Weinberg: Chamber Symphonies 3 and 4 CD review – a final assertion of creative independence

There’s a sense of acerbic defiance to these chamber symphonies, which were composed in the last decade of Mieczyslaw Weinberg’s life, writes Andrew Clements
  
  

Totally original … Mieczyslaw Weinberg
Totally original … Mieczyslaw Weinberg Photograph: PR

All four of Mieczyslaw Weinberg’s chamber symphonies were composed in the last decade of his life, and the fourth of them was his final completed work, finished in 1992. The Chamber Symphonies Nos 1 and 2 were effectively reworkings of the second and third of his string quartets, and the first three movements of the string-only Third Chamber Symphony also derive from a quartet, the Fifth, which was originally composed in 1945. Only the finale, a rather nostalgic slow waltz that becomes more and more alienated, was newly composed for the purpose.

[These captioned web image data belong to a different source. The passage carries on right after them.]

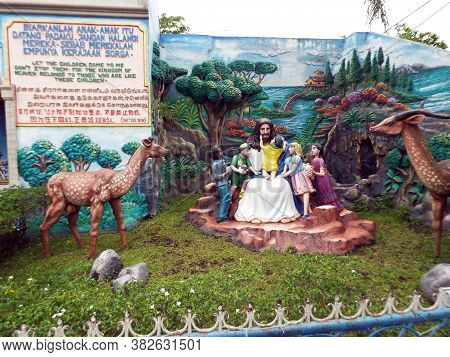 Medan, Sumatra, Indonesia, January 9, 2018: Sculpture Of Jesus Surrounded By Children And An Animal 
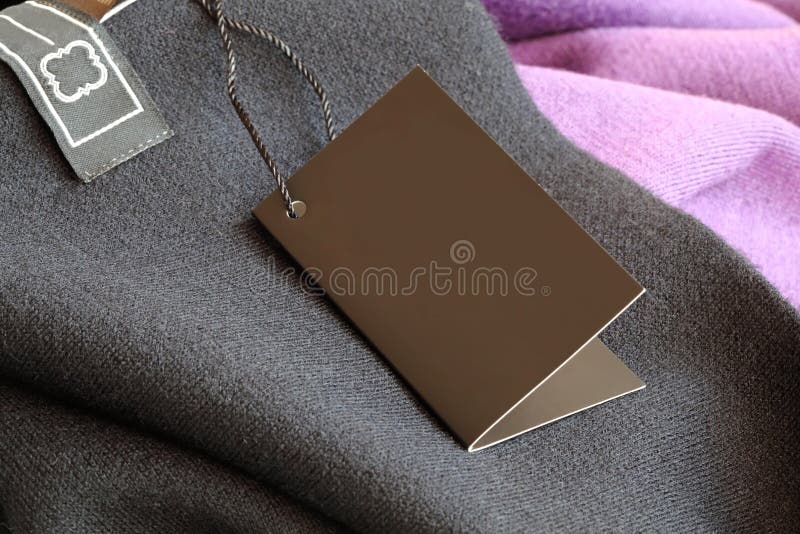 Label (price tag) on wear stock images Label (price tag) on wear stock images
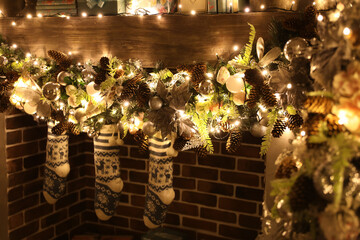 christmas socks with gifts hang on the fireplace at night
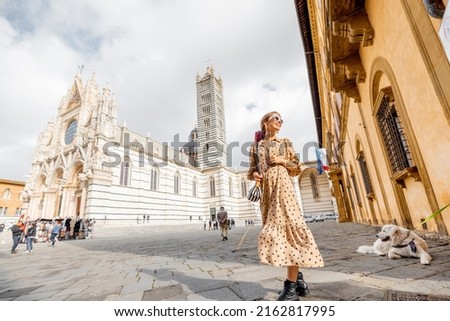 Woman standing in front of Siena cathedral. Traveling old towns of Tuscany region in Italy. Concept of visiting famous italian landmarks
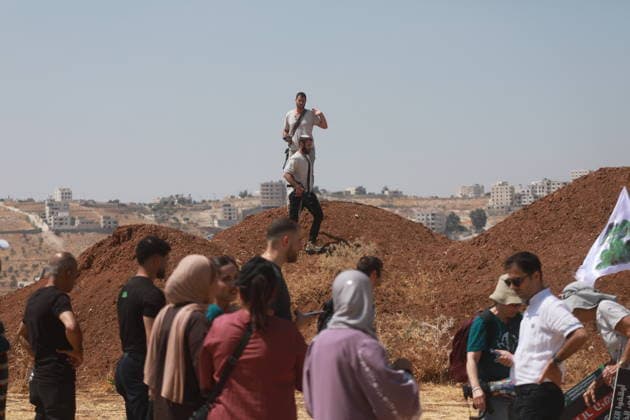 Israeli violations against Palestinians continue HEBRON, WEST BANK, PALESTINE - AUGUST 14: Palestinians and foreign activists gather to protest in support of their land, which they say is under threat of being seized by Israelis, and to express their determination not to leave their properties in Beit Sahour, Hebron Governorate, West Bank, on August 14, 2026. Armed Israelis who came to the area intervened and attempted to disperse the group. Mamoun Wazwaz Anadolu Hebron West Bank. Editorial use only. Please get in touch for any other usage.  Copyright: x2026xAnadoluxMamounxWazwazx
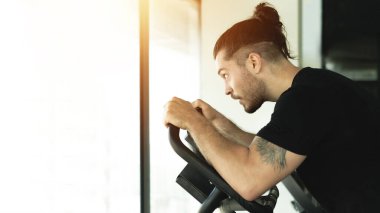 Bir adam sabit bir bisiklette oturur. Ve ileriye baktığında, yorgundu..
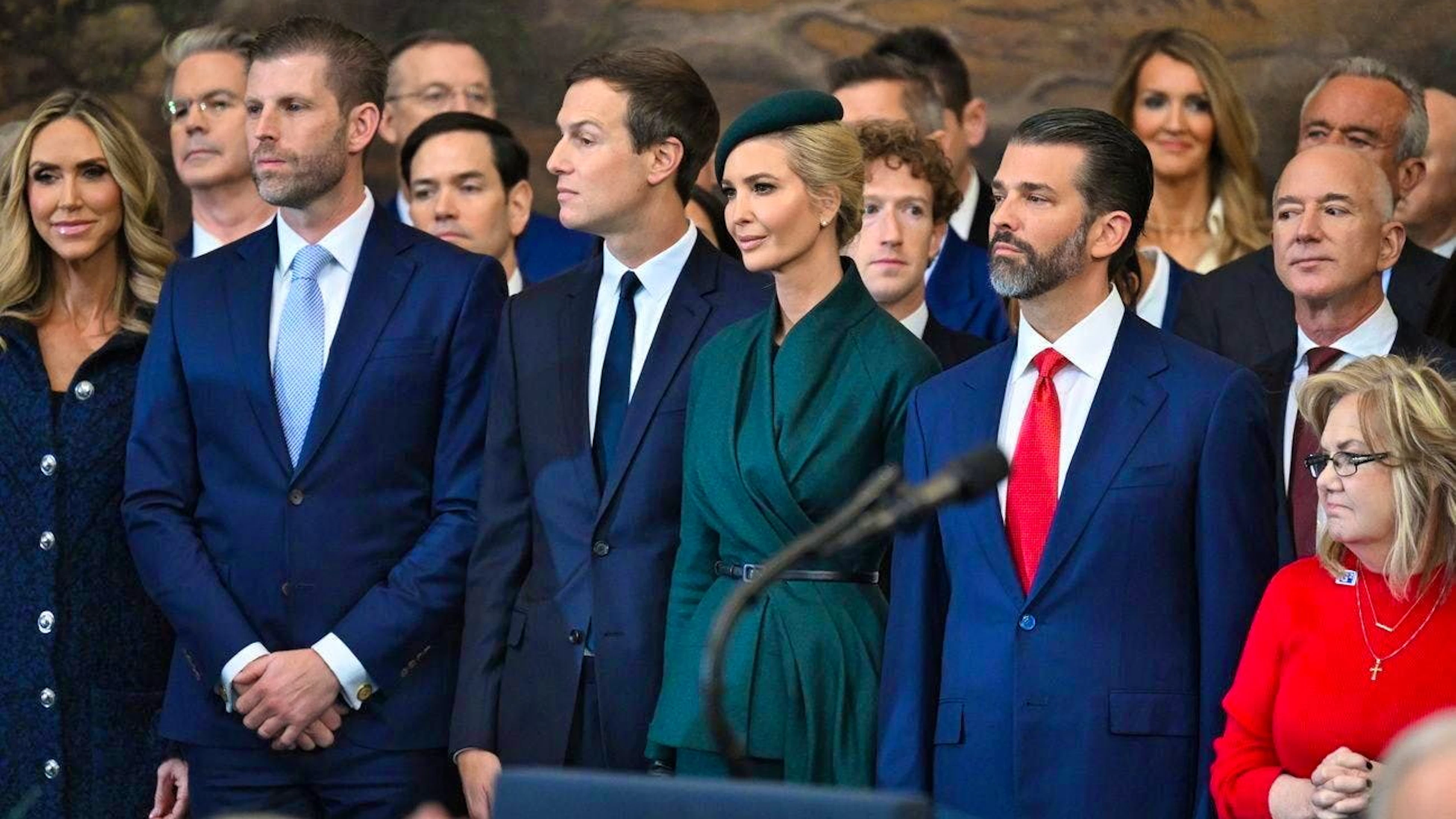 Trump's family during the ceremony. Right behind them are the CEOs of major tech companies - see later pictures.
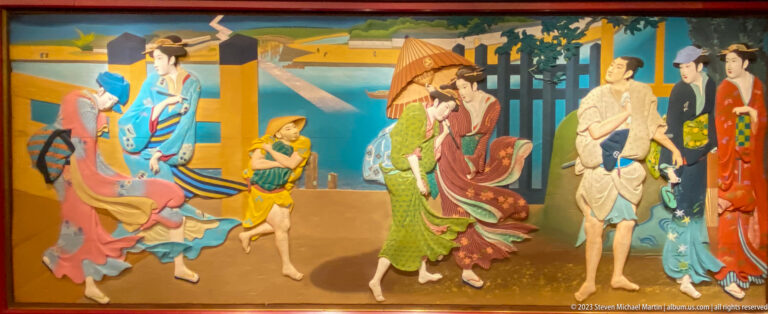 Women in colorful kimono walk with a child and umbrella-bearing attendant near a gate.
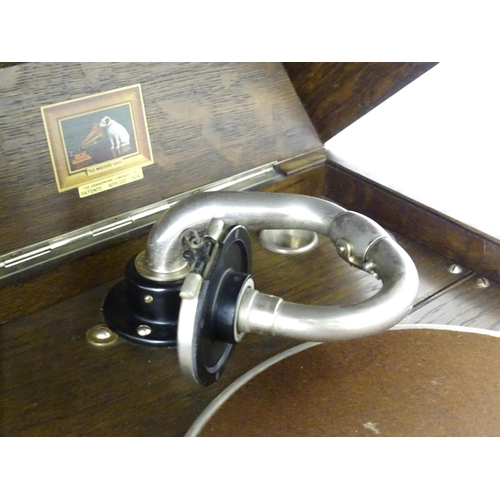 227 - An early to mid 20thC 'His Master's Voice /The Gramophone Company' gramophone in oak case, approx 18... 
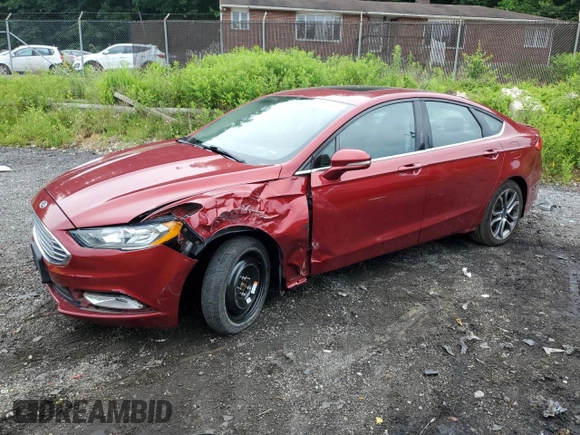 2017 Ford Fusion SE with VIN 3FA6P0H74HR197800, listed as a Copart auction lot 61042735 with 128,125 mi miles and Salvage title. Bid and sale history available at DreamBid. Image 1.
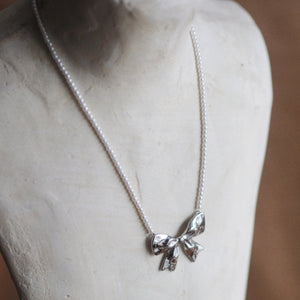 Pearl Bow Necklace In Silver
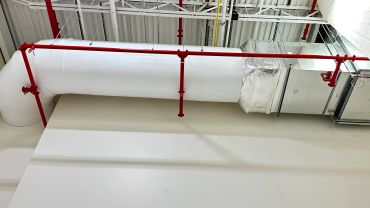 Red pipes and white ductwork along a ceiling.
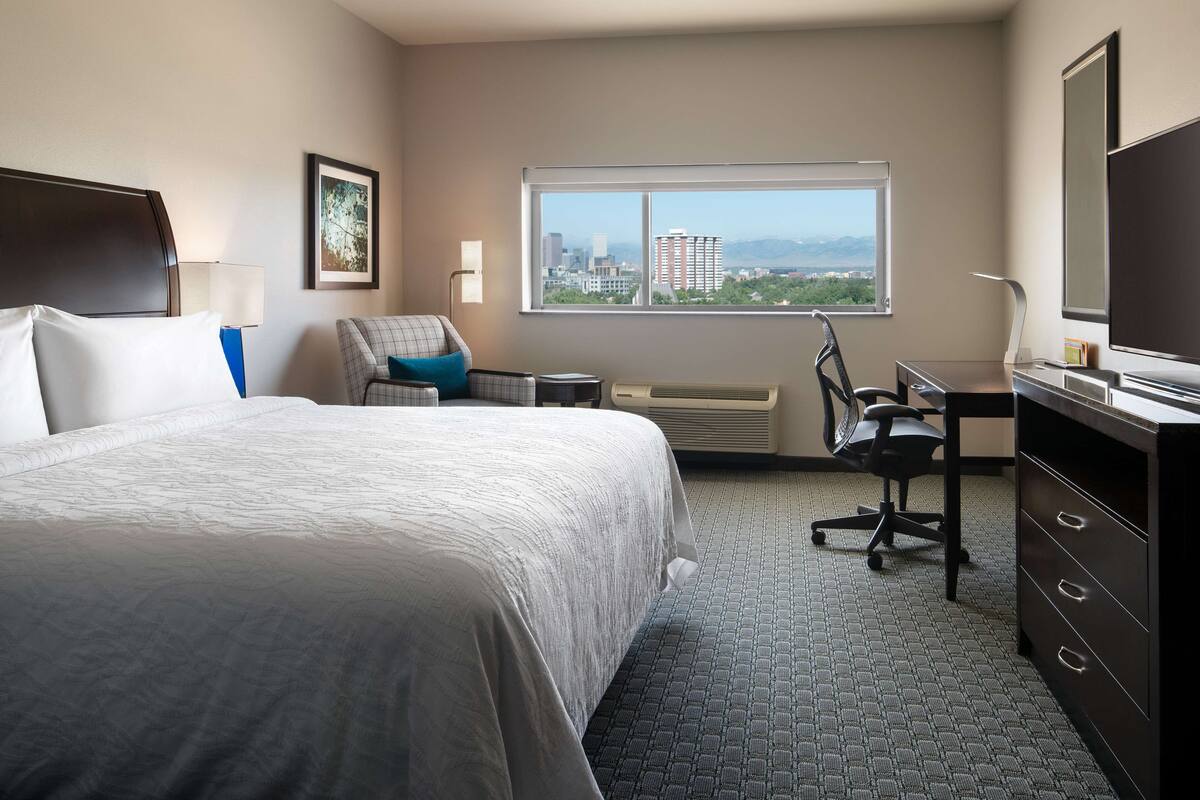 A hotel room with a large bed, a desk, a chair, a TV, and a window with a city view.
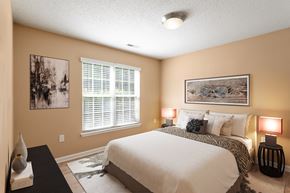 Charlotte apartment for rent - a bedroom with a large bed and a window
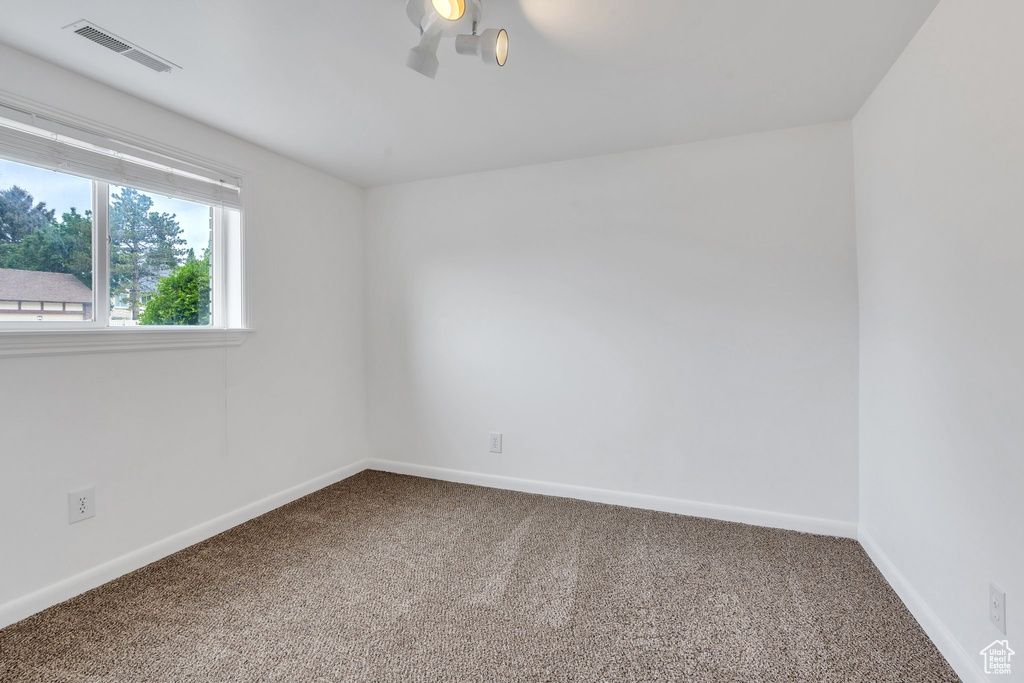 Carpeted spare room with baseboards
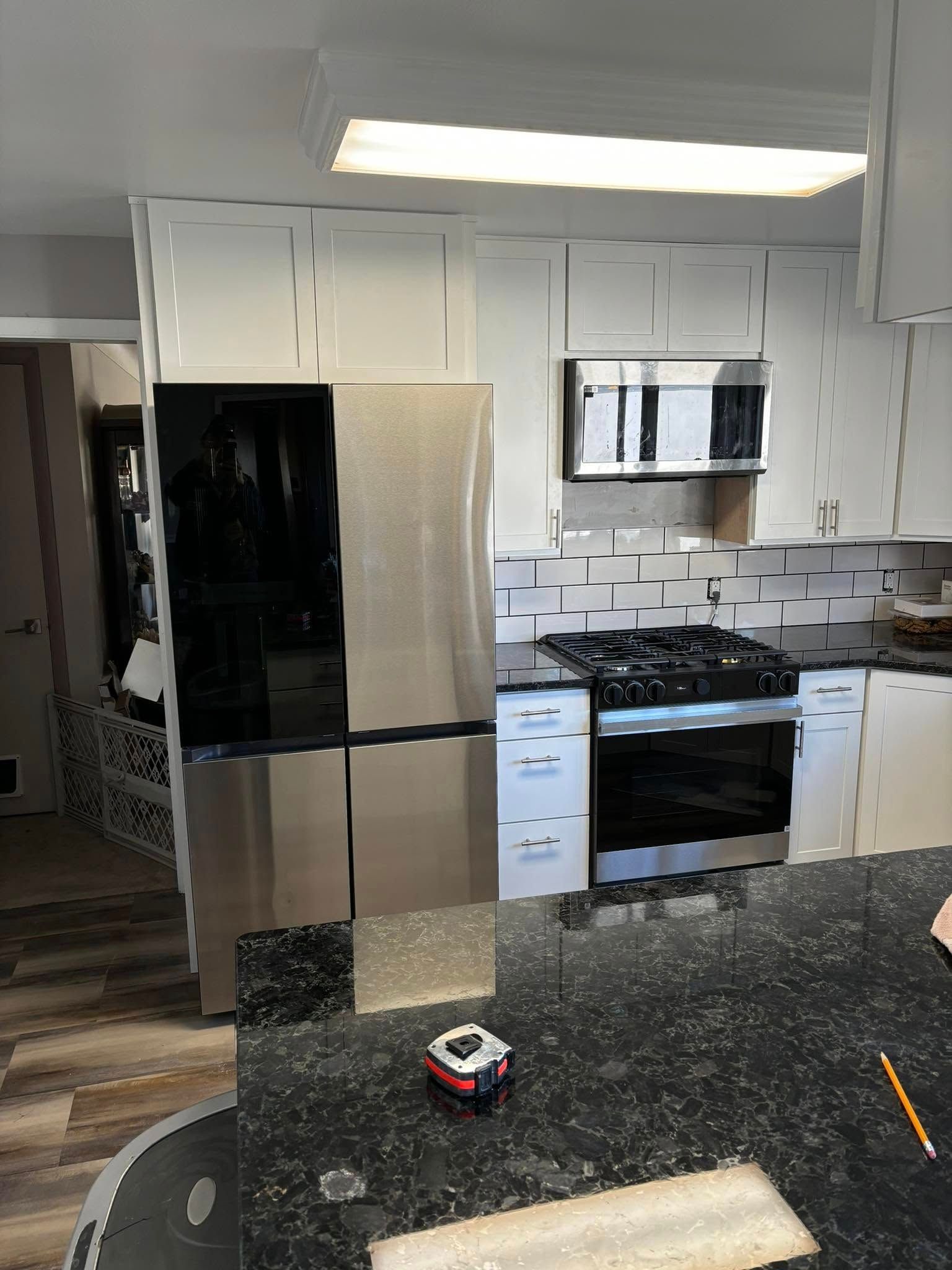 Modern kitchen with stainless steel refrigerator, white cabinets, black countertops, and a gas stove.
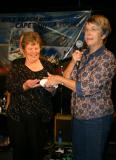 Shirley May presented with 21st birthday plaque by treasurer Bev Sharpe/PHOTO  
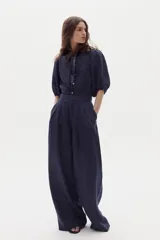 Pantalón sastrero de lino color azul marino, de corte wide leg, tiro alto con pinzas en la parte delantera y bolsillos laterales.
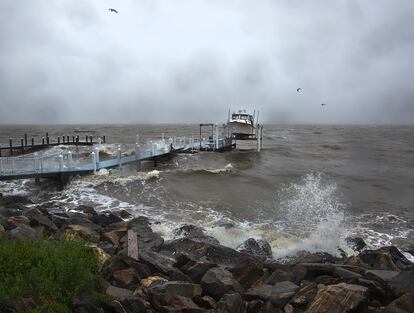 Waves generated by Tropical Storm Ophelia crash up on the banks of the Potomac River along Irving Avenue in the town of Colonial Beach in Westmoreland County, Va., on Saturday, Sept. 23, 2023.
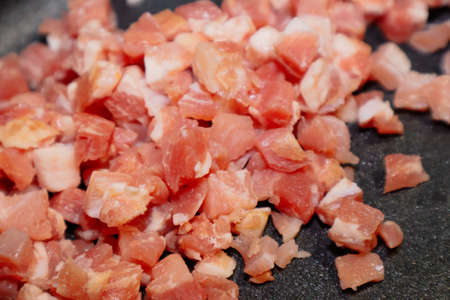 cutted bacon cubes in a panの写真素材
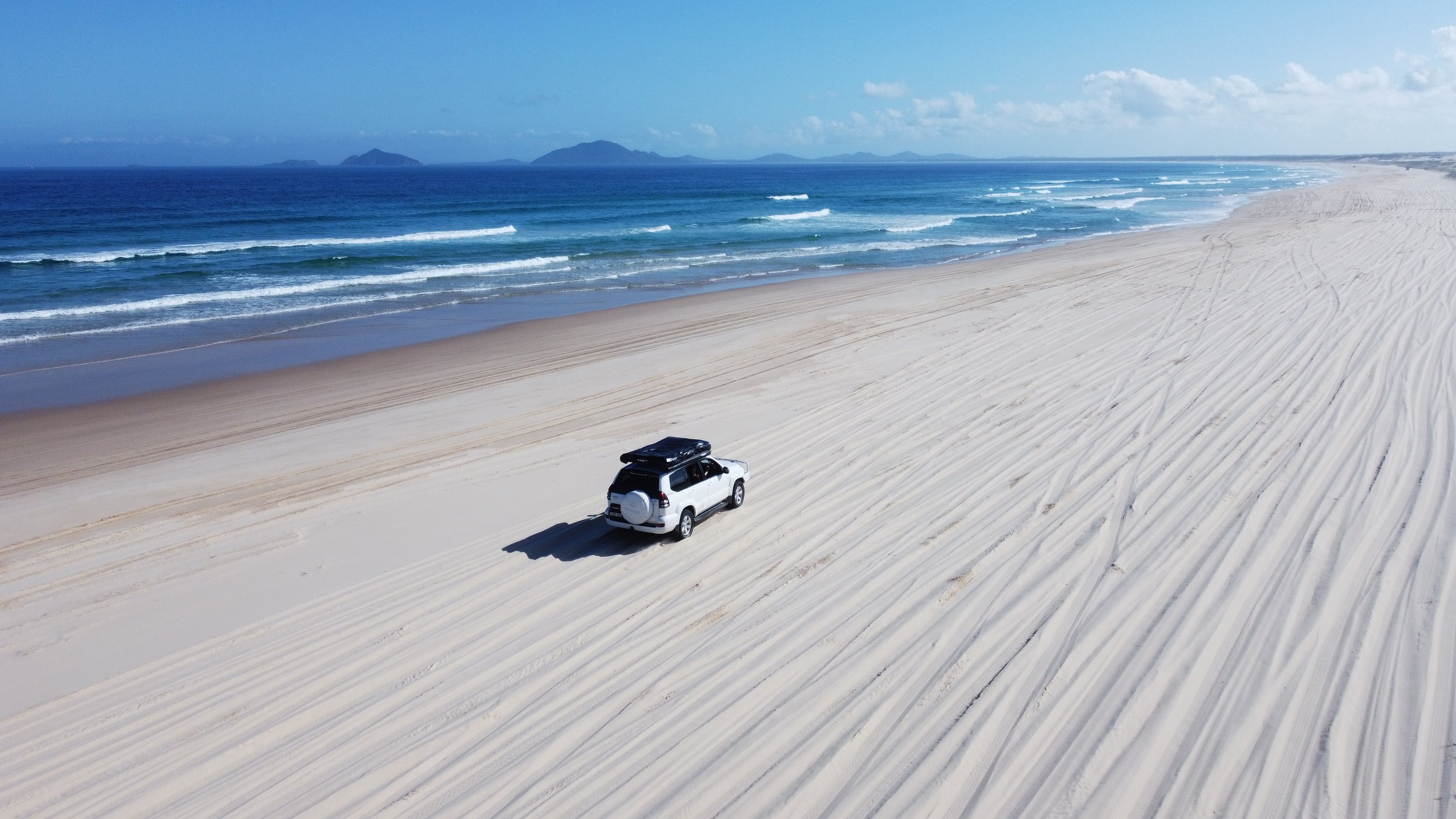 A white SUV parked on a sandy beach with tire tracks in the sand. In the background, there are ocean waves and several small islands or landmasses under a partly cloudy sky.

The Fourth Chamber Symphony, though, is totally original, and rather strikingly so. It adds a clarinet and a triangle (which plays just four notes) to the strings, often using the clarinet in a concertante fashion. It’s a work studded with self-quotations – from Weinberg’s opera The Portrait; from a song cycle; and from the incidental music to a play. There’s a sense of rather acerbic defiance about it all, a final assertion of creative independence, which the Helsingborg Symphony captures very well, though the ending is distinctly downbeat.